I get private messages all the time with questions about how to refinish a project. Each project has it’s own challenges and requires different tools and products. However, there are several steps and items that I use almost every time that I work on a piece. I thought it would be helpful to put together a list of the 5 steps that I follow every time I refinish a piece and links to Amazon (highlighted in pink) to find the exact products that I use in each step.

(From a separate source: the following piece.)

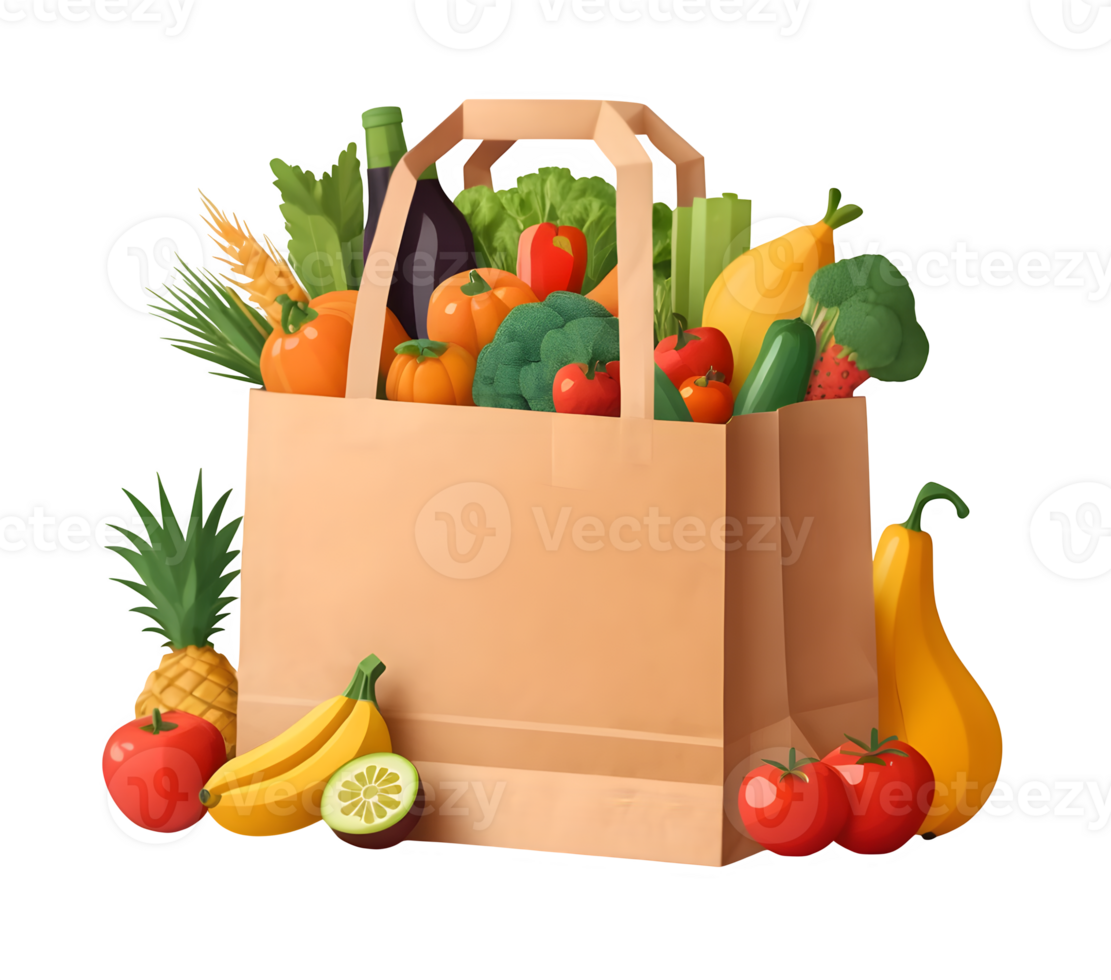 A paper bag full of fruits and vegetables png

- CLEAN AND SAND THE PIECE
The very first step is to thoroughly clean the piece. You may think that since you are planning on sanding it, why bother cleaning it? The answer is, if you don’t clean the piece prior to sanding, you will be grinding all of the dirt and grime that has accumulated, into the wood. This can cause your paint to not stick and peel later. Trust me, this is a huge bummer after completing all that work, only to find that the paint comes off at the scratch of a fingernail. Your only choice at that point is to remove the paint and start over. No topcoat in the world will help the paint stay on if there is an adhesion issue. To clean, I will often use warm water, some dawn dish soap, and white vinegar. If I need a little more cleaning power, I will use a deglosser/cleaner. – Krud Kutter Deglosser https://amzn.to/31oYnTj
Once the piece has been thoroughly cleaned and rinsed, it is time to sand it down. Depending on whether you are going to stain the piece, leave the wood bare, or paint it, that determines how much sanding is to be done. If you want to stain the piece or leave the wood bare, you will need to sand off the previous stain or finish. Start with your sander and a medium grit sandpaper such as 120 grit. I like to start with my orbital sander to get off most of the paint or finish and then use my mouse to get into the finer details. I use – Orbital Sander https://amzn.to/3l5mLS0, Mouse Sander https://amzn.to/2Yf42cT. If the 120 grit is not doing the trick, you can go down to a more coarse grit, such as 80, and see if that is better. Be careful not to start with a sandpaper that is too coarse because it can leave swirl marks gauged in the wood. Repeat the process moving up in grit to 220, to smooth out the grain. If you simply want to paint it and the surface is ready for paint, you will just need to scuff sand. You do this by lightly sanding with a 220 grit sandpaper to give some teeth for the new paint to adhere to.
2. PREP FOR PAINT
In an ideal world, all pieces are perfect and ready for the fun part – THE PAINT! Unfortunately for me, I can not refuse a neglected piece of furniture that is begging for a second life. I absolutely hate waste, so it brings me such a sense of satisfaction to keep these pieces out of landfills. With that, comes some repairs. Sometimes it is simply holes that need to be filled, other times there are spots of veneer that have chipped and need to be filled. I have found Dixie Belle Mud https://amzn.to/2zfMdRB to be an easy to work with wood filler. It has a consistency of pudding, so it is easy to work with. It dries and sands well, and the repair is inconspicuous when painted over. If there are loose joints or pieces that need to be reattached, TiteBond Wood Glue https://amzn.to/2LLxIHP is my go to for wood glue.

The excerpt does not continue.